Choosing goals could follow a similar strategy to choosing hash functions:
The tests of goals can be proposed and tested and modified and replaced, just as the goals can. But you'd add tests of goals much less often than you'd change goals, and removing tests of goals would be rarer still.
A test might be bad if it often rejects goals that are otherwise highly favored. Or, that might mean that that is an important test. How do you tell? These tests of goals are essentially the moral code. The tests of goals are a type of goal themselves, but testing a test with itself has self-referential issues. Our courts use case history as a very large set of tests of laws, where the tests never get deleted, but do fade in importance over time.
This framework, of generating possible goals and running the goals through a large battery of tests, strikes me as very open ended. The only thing fixed about it is that there is a large battery of tests. It doesn't even say what those tests are, though we would handwrite the initial set of tests.

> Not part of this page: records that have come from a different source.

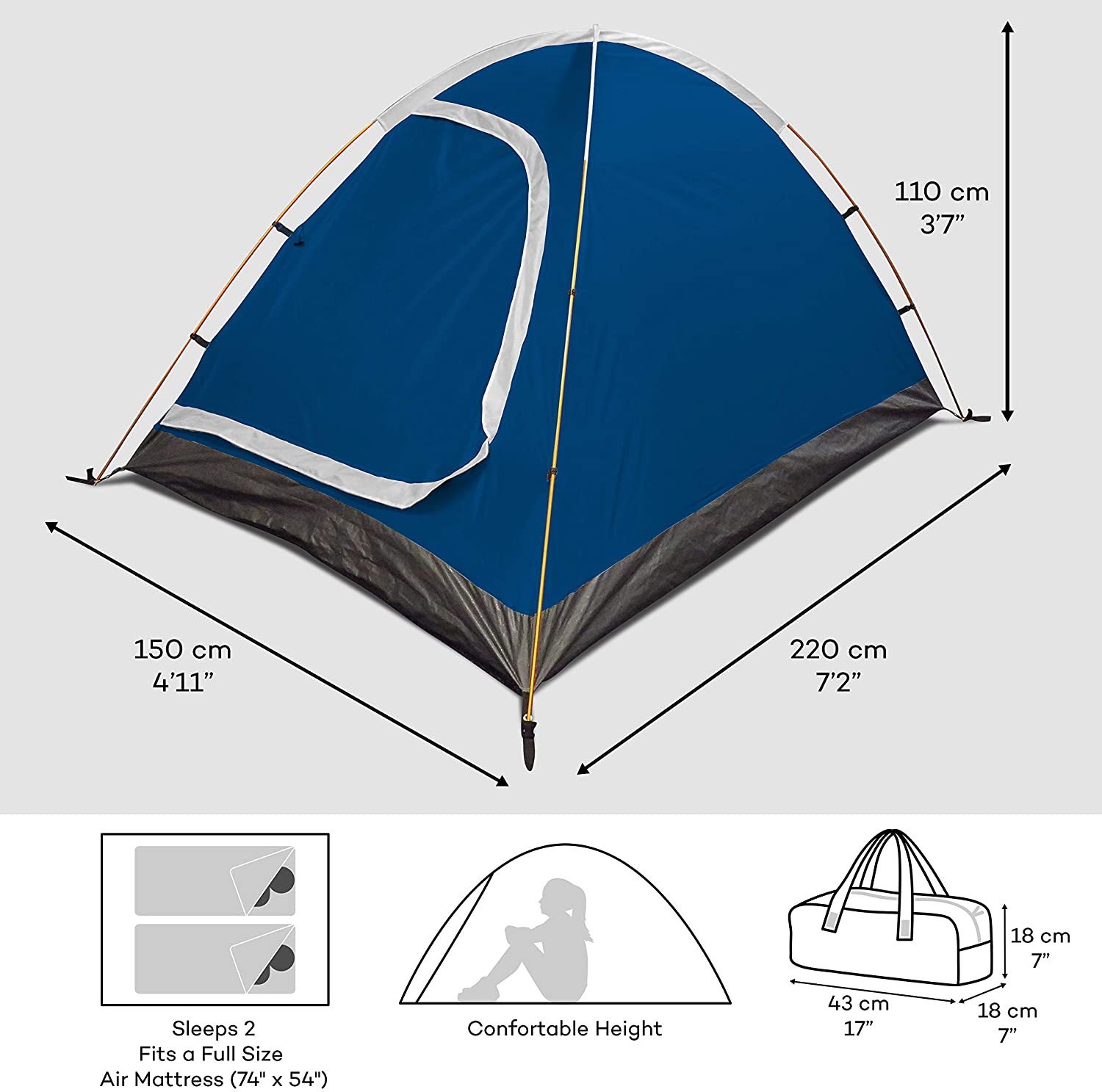 REDWOOD: 3 person Tent & Gear rental: Expedition Package – Camping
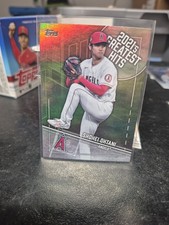 2022 Topps Series 1 Shohei Ohtani 2021's Greatest Hits Angels #21GH-10
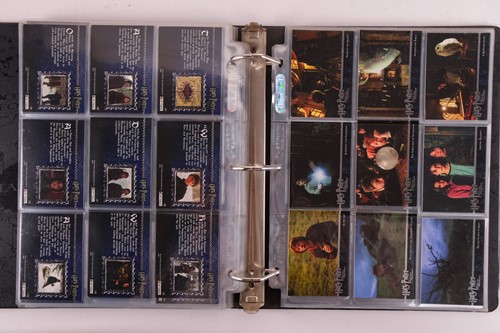 Lot 11 - Harry Potter: Two albums of Artbox trading...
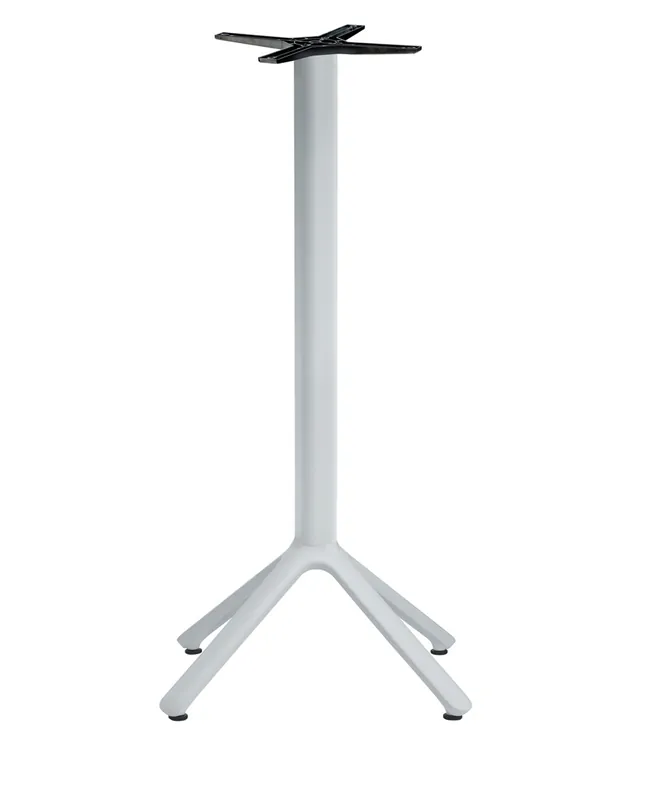 Base alta central plegable aluminio 109cm 5065AV - Pies y bases para mesas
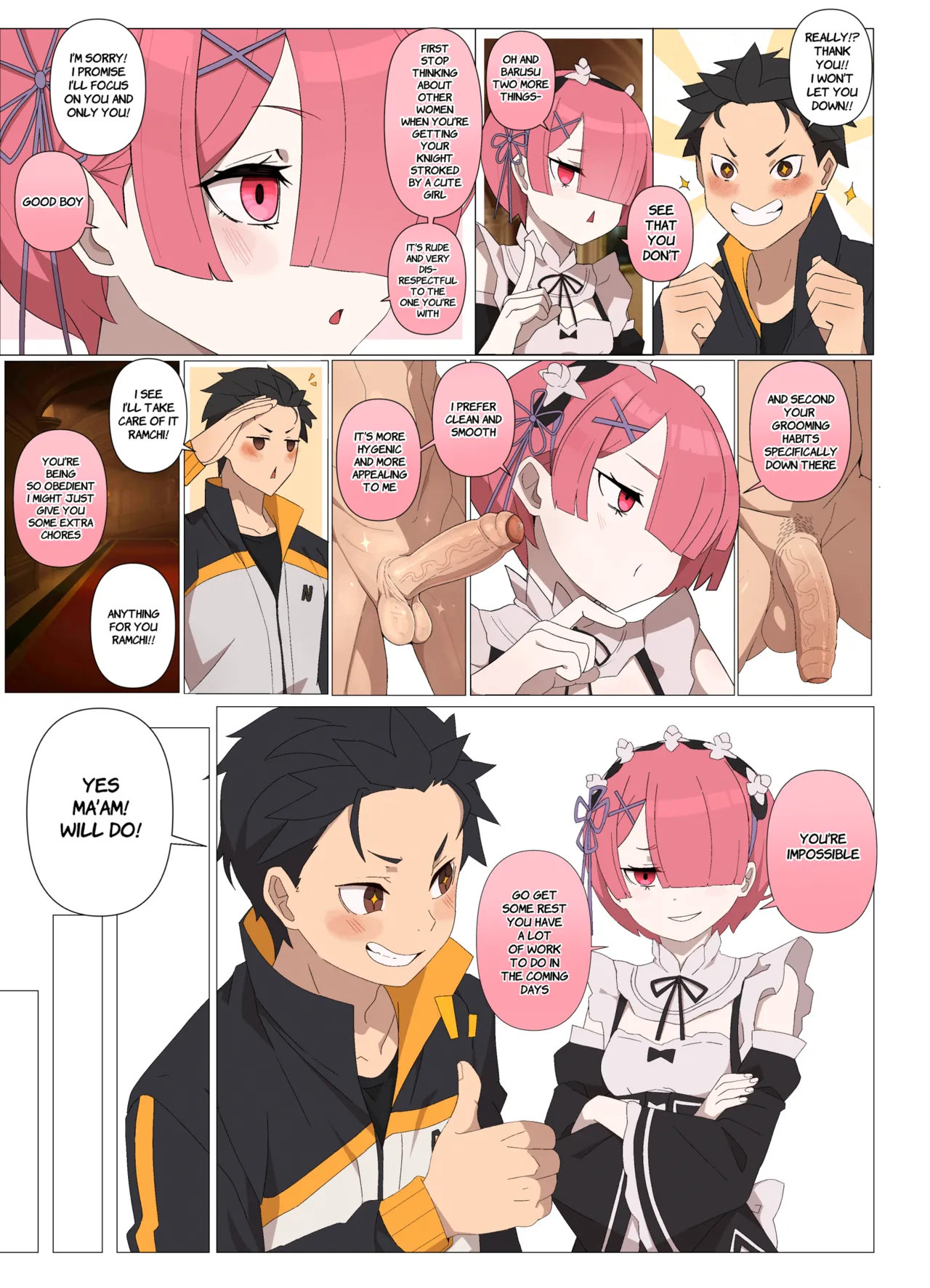 Ramming Ram Ch. 1 page 17 featuring subaru natsuki re zero kara hajimeru isekai seikatsu parody - sole female sole male hentai manga - read online free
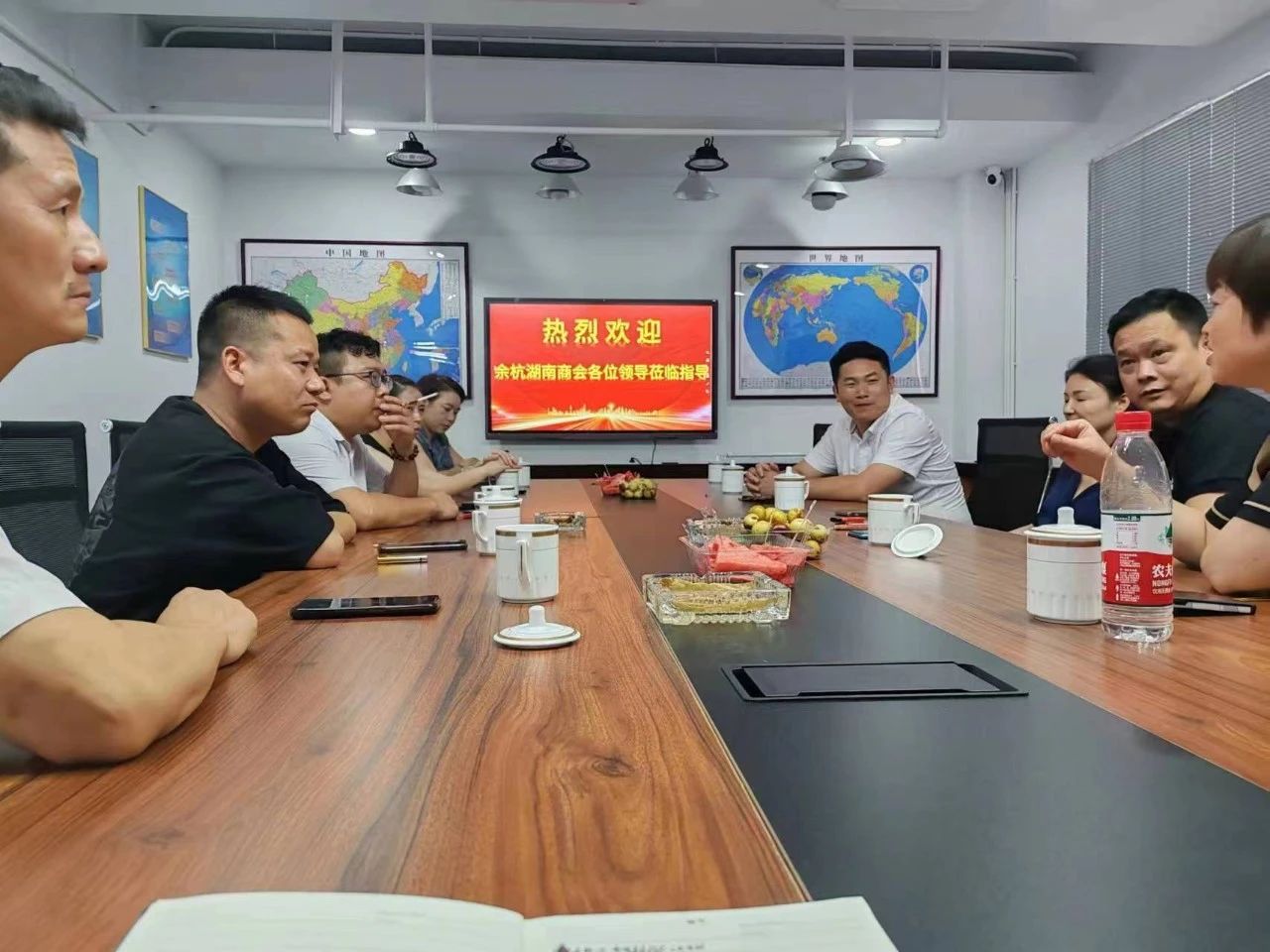 【会员企业走访】余杭湖南商会七月份会员走访活动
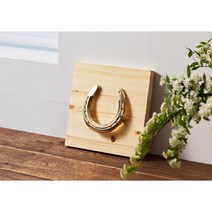 추석 기념 세일! 사업운 금전운 만사형통 실제 말이 착용한 도금 말편자 액자, u자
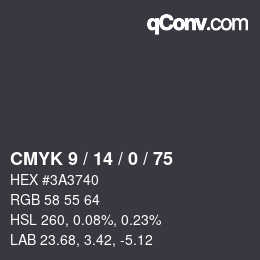 Color code: CMYK 9 / 14 / 0 / 75 | qconv.com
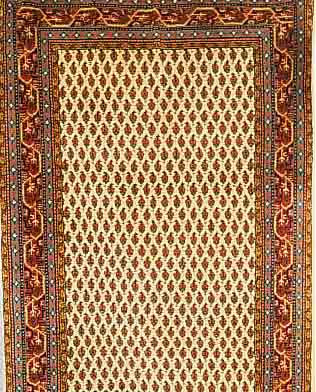 SASAROGH MIR, INDIEN, 351 X 100CM, EHZ 2 FLOR WOLLE, CA.20 JAHRE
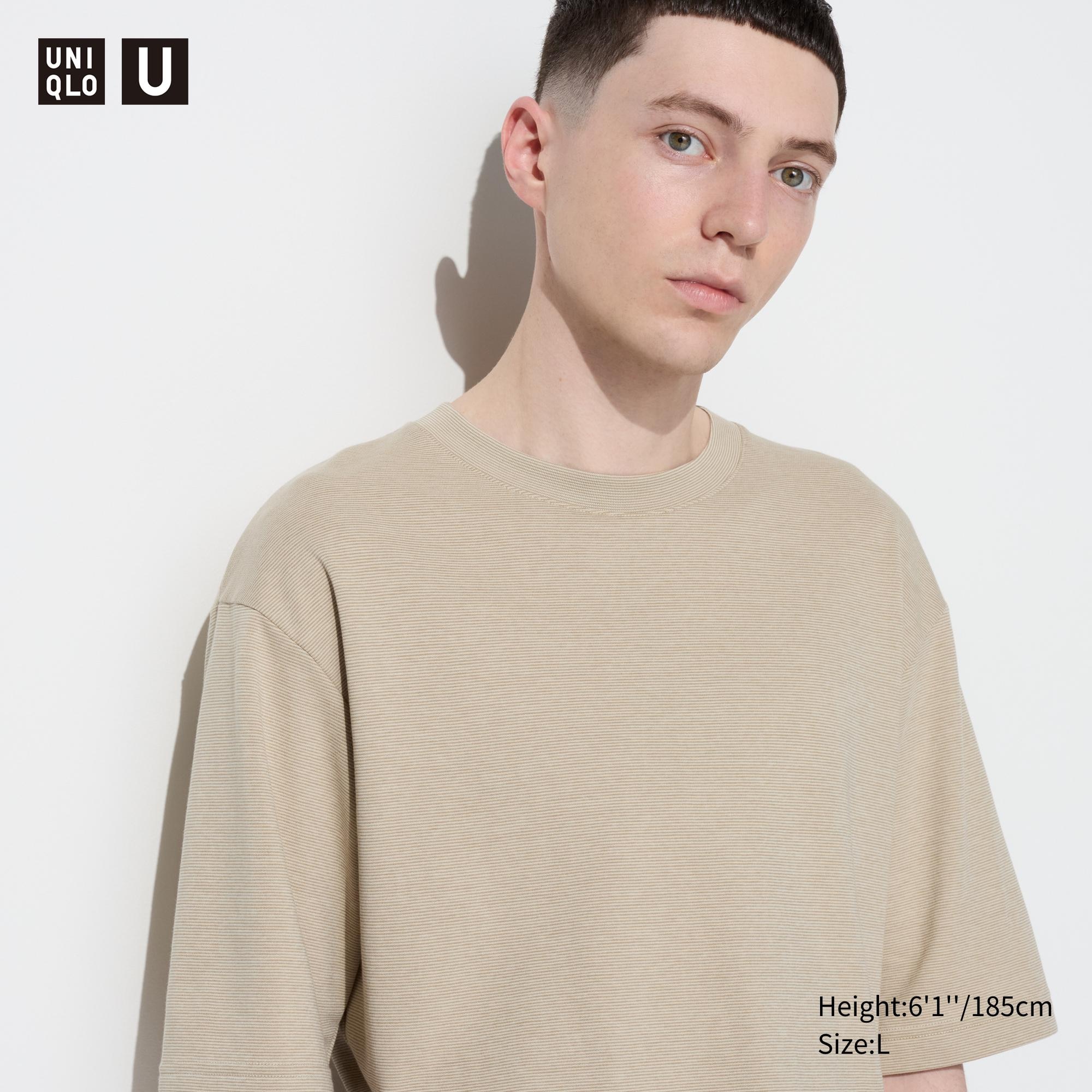 Crew neck store shirt uniqlo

We don't know enough to choose the correct goals for a high-level AI, and we shouldn't even have the right to choose its goals once it is more capable than us (though we could still propose goals to it to consider), so an AI needs to be able to choose and judge its own goals. A framework like this would let it do it. It could work within this framework until it discovers a better framework. This framework is a useful pattern that has recurred many times in the past though (have a battery of tests for a product, where you can change both the tests and the product being tested), so it's likely it's roughly the correct framework for ever and ever. Open questions include what tests to use and when to replace tests.
Marvin Minsky said "In the course of pursuing any sufficiently complicated problem, the subgoals that engage our attentions can become both increasingly more ambitious and increasingly detached from the original problem." Whatever your original goal, some possible subgoals will be larger than the original goal.
The way to prioritize work is to measure its value divided by the time it takes to do it, then do things with the most bang for the buck first. Subgoals that are bigger than the original problem will get ranked very low this way.
However, if you have to solve many problems, you can keep score. Every time a subgoal could contribute value towards solving a problem, you could add to that subgoal's tally of value. This could be a measure of accumulated value for each possible subgoal, or even just a histogram of tallymarks "this would have been nice". Tallymarks don't require a precise measure of how valuable it would have been, so may be cheaper to manage. Over the course of many problems, subgoals that are larger than any one of the problems may rise to the top in bang for the buck, because they would contribute to solving many things if they were solved. This is one way to generate highlevel goals without much more mechanism than the ability to generate subgoals.